President Trump's nominee to fill a vacant D.C. District Court Judge seat has withdrawn his name from consideration after an embarrassing video went viral of him bungling basic legal questions at his confirmation hearing on December 13. 

Matthew Petersen

Matthew Petersen, a member of the Federal Election Commission and former Obama-appointed Chairman of the regulatory agency, struggled to answer a series of questions by Sen. John Kennedy (R-LA) that any attorney should be able to answer.

After Petersen admitted he's never tried a case as an attorney, Kennedy reminded him that as a trial judge he'd have to deal with witnesses, and asked the nominee what the "Daubert standard" is - a rule of evidence regarding the admissibility of an expert witness testimony.  Petersen replied "I don't have that readily at my disposal."  When asked next what a "motion in limine" is, referring to a request to exclude certain evidence in a trial, Petersen said he hadn't had the time to "do a deep dive," adding that he would "probably not be able to give you a good definition right here at the table."
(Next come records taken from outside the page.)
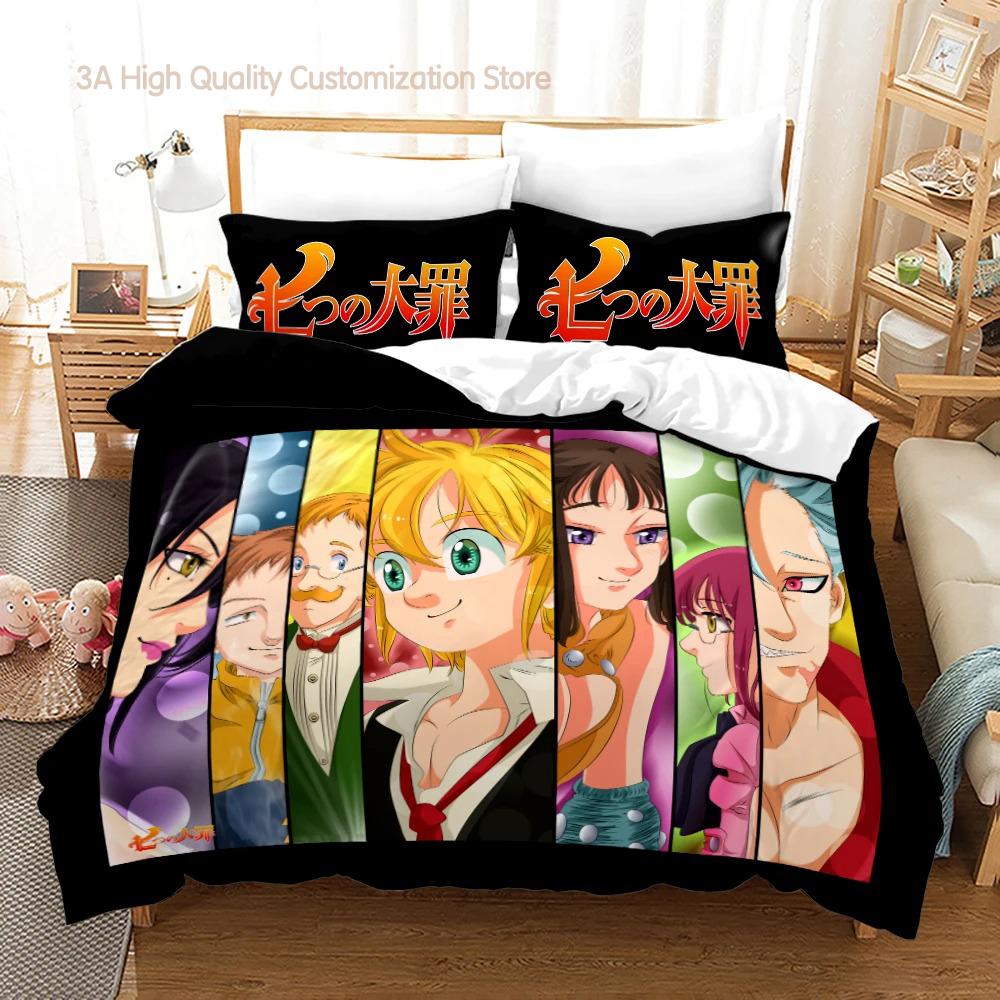 The Seven Deadly Sins Bedding Set Single Twin Full Queen King Size Anime Bed Set Aldult Boy Bedroom Duvetcover Sets 3D Print 014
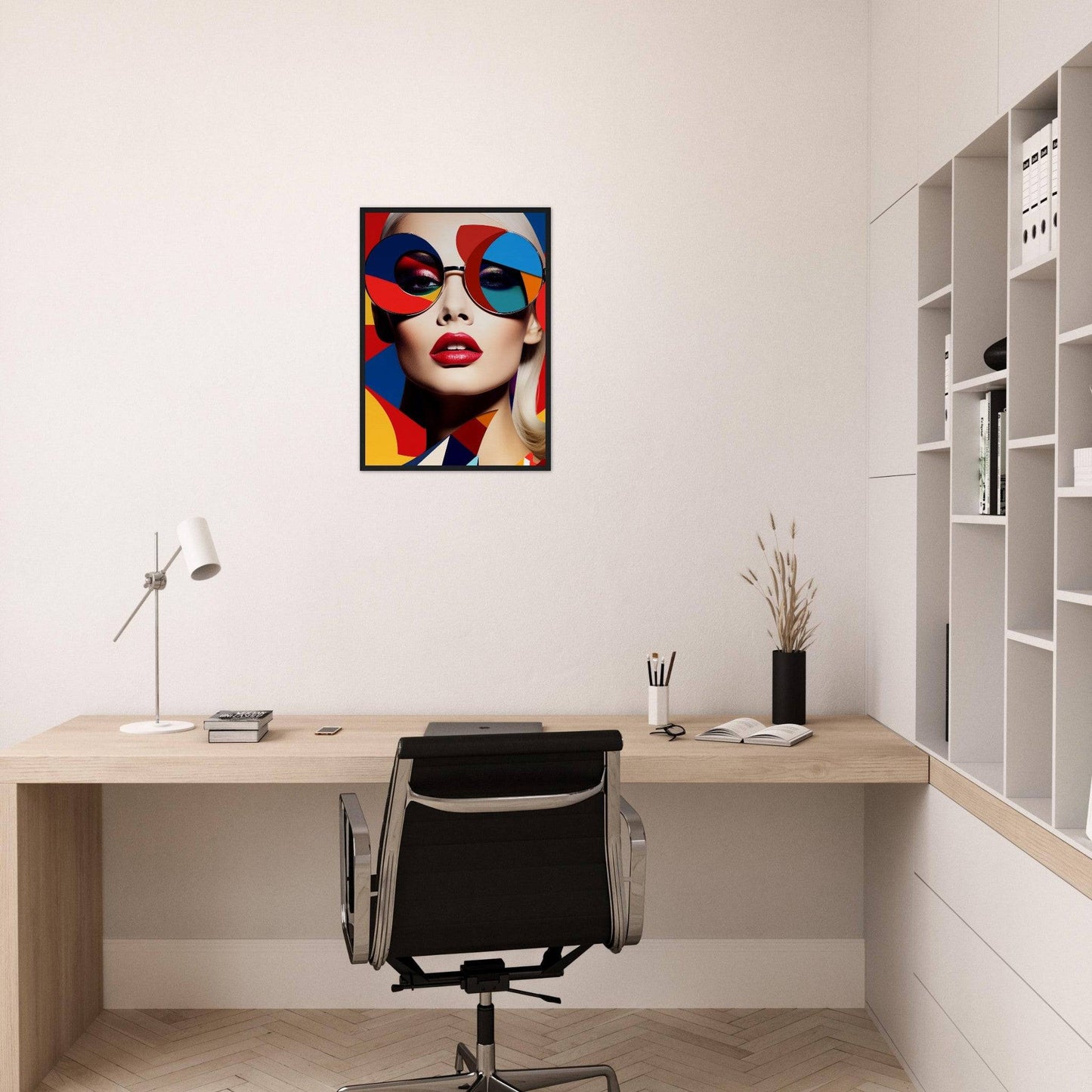 Colorful pop art portrait of a woman wearing sunglasses.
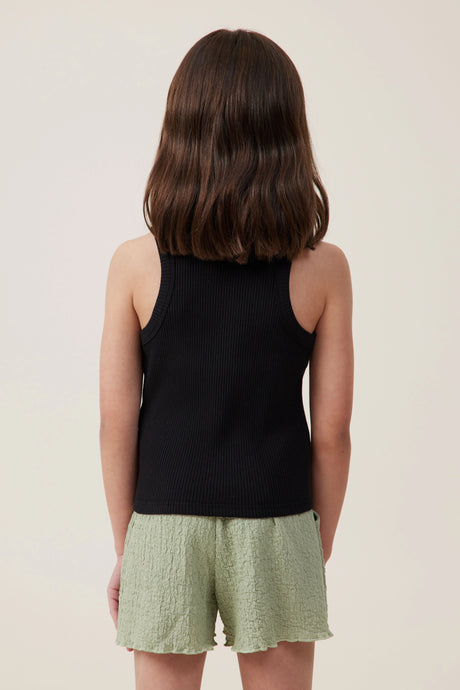 Cotton On Kids Girls Fitted Essential Tank - Black Rib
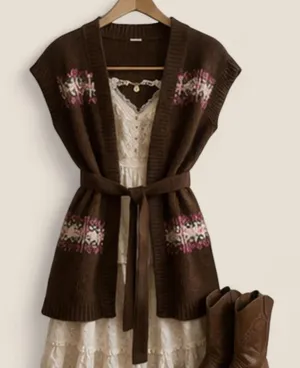 Brown vest | Boho Western Fair Isle Belted Cardigan Cottagecore Layering thumbnail 1
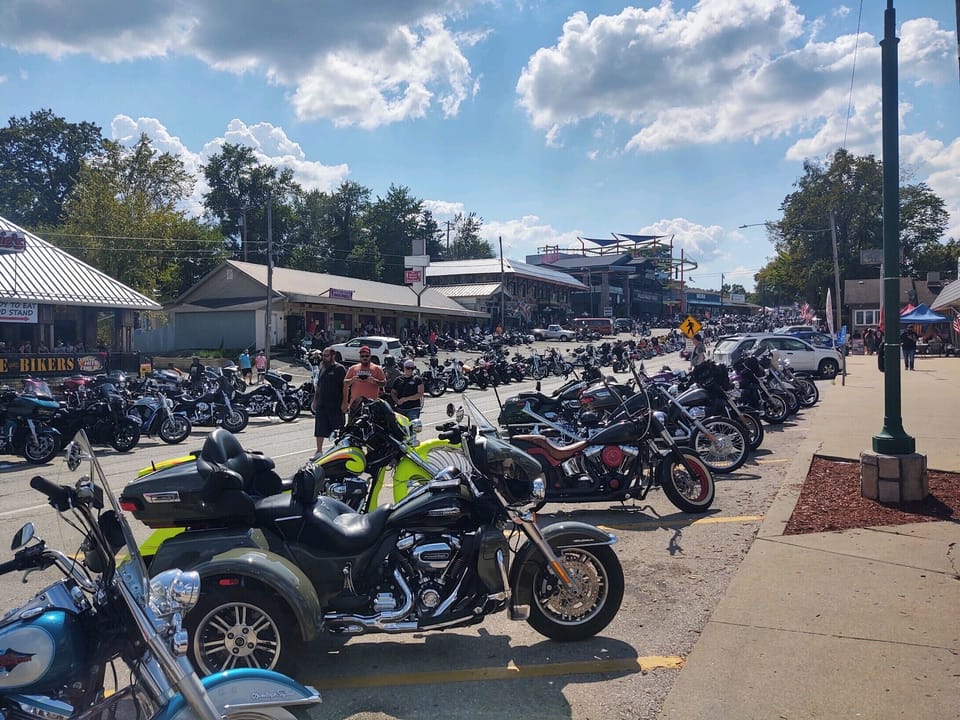 Flat area for the bikers - This is the Bagnell Dam Strip during the event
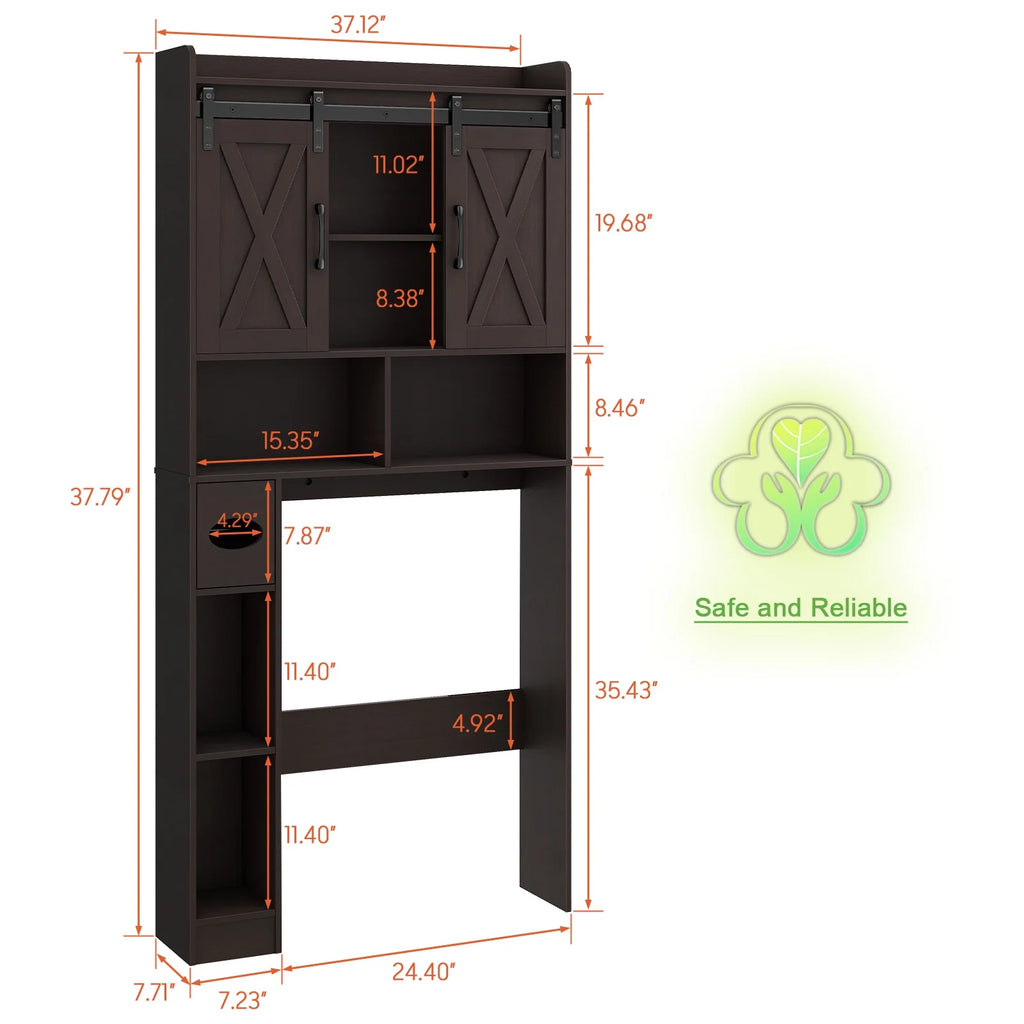 Over The Toilet Storage Cabinet, Farmhouse Storage Cabinet Over Toilet with Sliding Doors Home Space-Saving Toilet Rack, for Bathroom, Restroom, Laundry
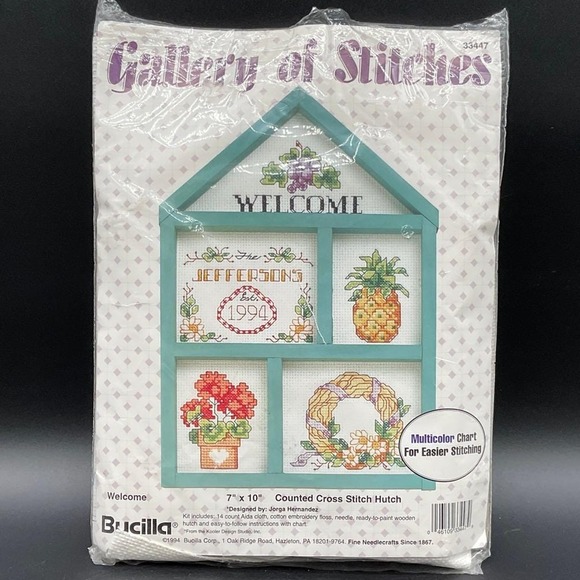 Bucilla Gallery of Stitches Welcome Cross‑Stitch Hutch Kit 14‑Count 7×10 in - Picture 1 of 5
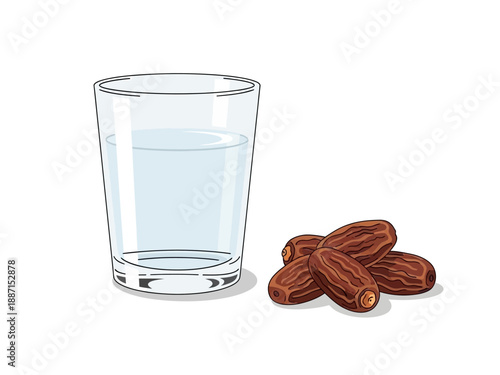 A glass of water and a pile of brown dates on a white background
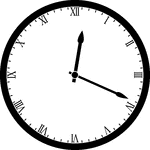 Round clock with Roman numerals showing time 12:19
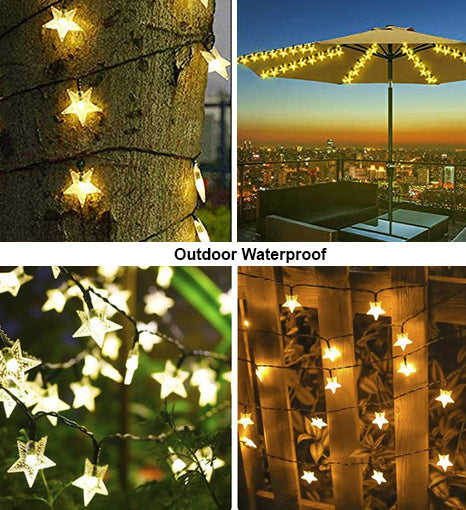 100 LED Solar String Light - Star - Warm White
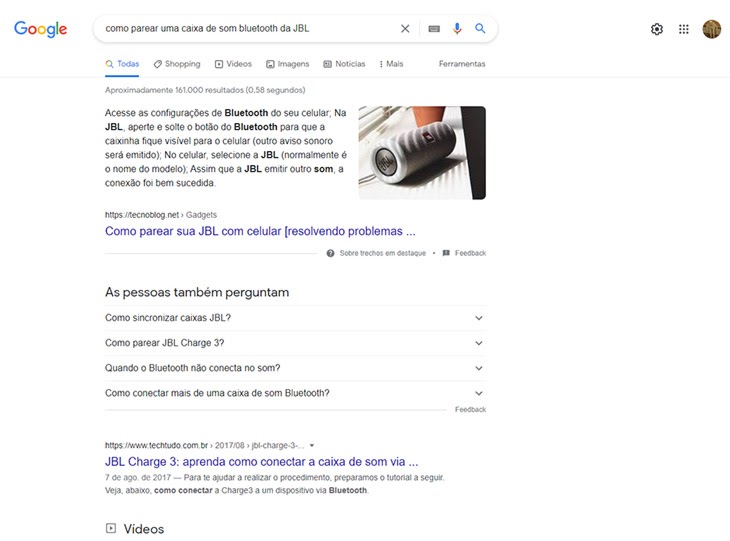 pesquisa no google sobre como parear uma caixa de som bluetooth da jbl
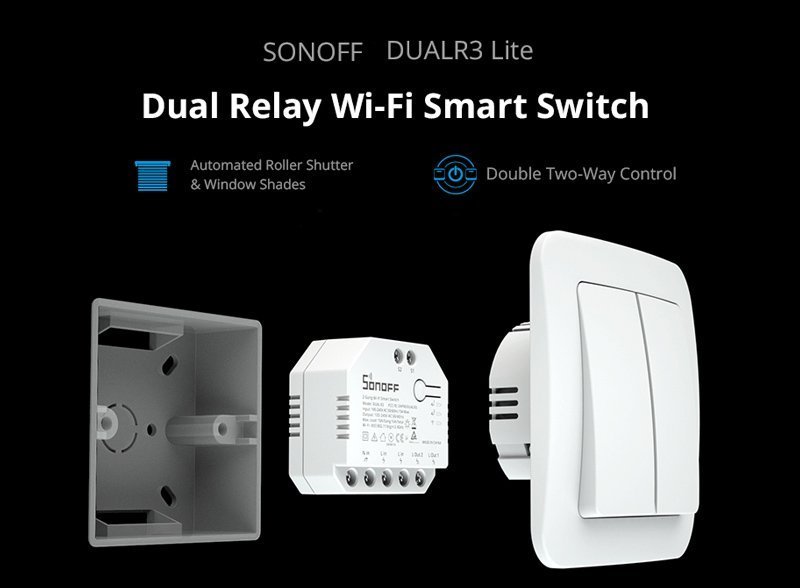 SONOFF smart διακόπτης Lite, 2-Gang, Wi-Fi, 15A, λευκός 3415 - Image 2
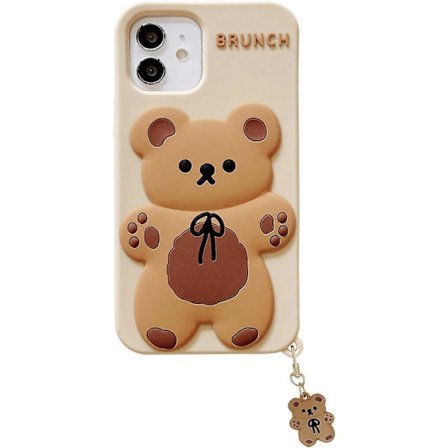 iPhone 15 Pro Max Skal Söt iPhone Skal med Nyckelring Kawaii Rolig Björns iPhone Skal Mjuk Silikon Stötsäker Skyddande Skal Cover för Kvinnor Khaki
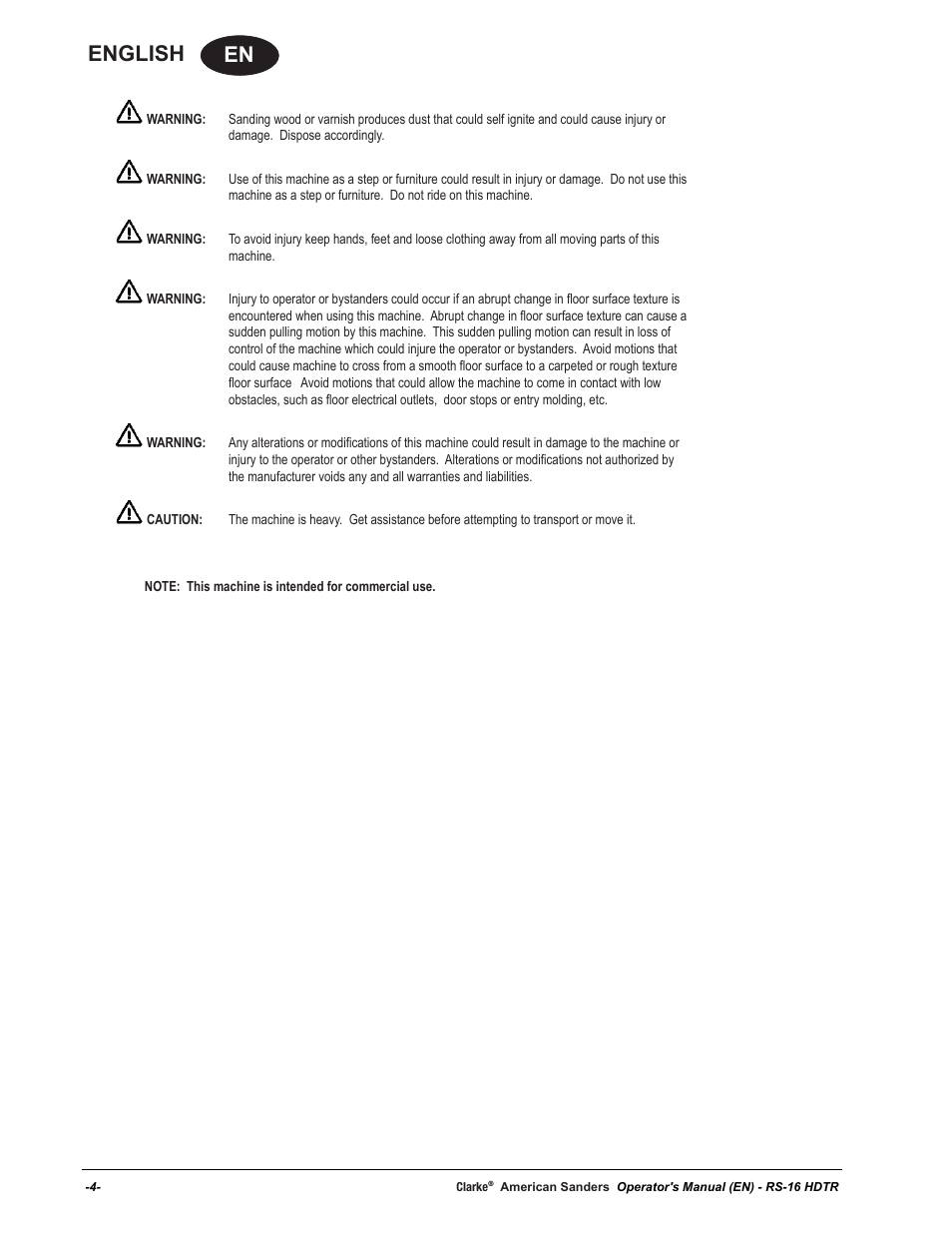 En english | American Sanders RS-16DC Rotary Sander User Manual | Page 4 / 32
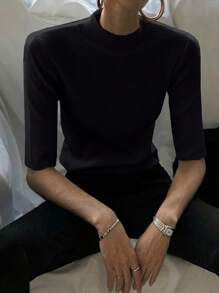 Strévra Women's Semi-Turtleneck Waist Fitted 3/4 Sleeve Sweater Top Y2k Fall - Black - View 3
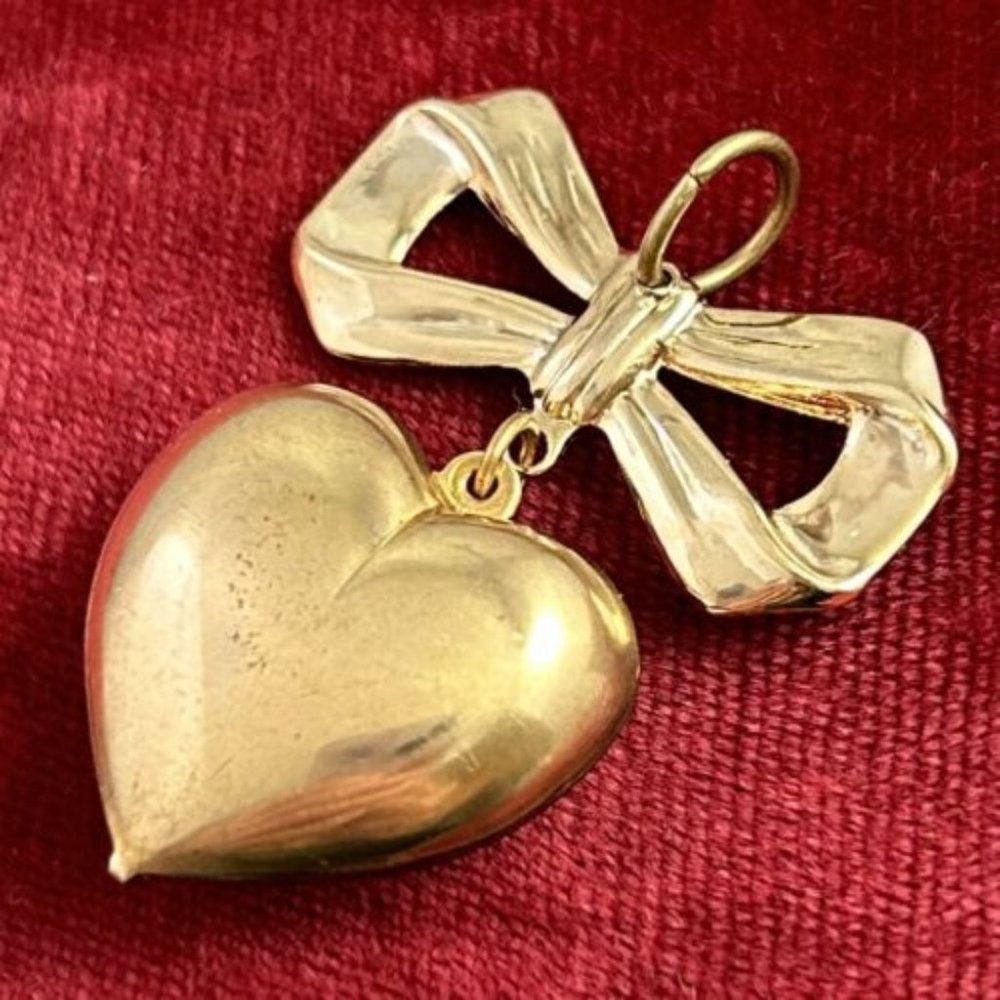 Heart Bow Necklace Pendant Gold Tone Metal Vintage Brass Metal Puffy Charm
Petersen's embarrassing performance can be seen below:

Sen. Kennedy said in a Monday morning interview on WWL-TV that “Just because you’ve seen My Cousin Vinny doesn’t qualify you to be a federal judge,” adding “And he has no litigation experience. And my job on the judiciary committee is to catch him. I would strongly suggest he not give up his day job.”

Kennedy also said President Trump called him after the video went viral, stating “The president and I get along fine, and he has told me, ‘Kennedy, when some of my guys send somebody over who’s not qualified, you do your job,” he said.

In Petersen's withdrawal letter, he wrote "My nomination has become a distraction." despite hoping that his "nearly two decades of public service might carry more weight than my two worst minutes on television" 

With Kennedy "strongly suggesting" Petersen keep his job at the Federal Election Commission, it appears the wannabe lawyer decided to do just that.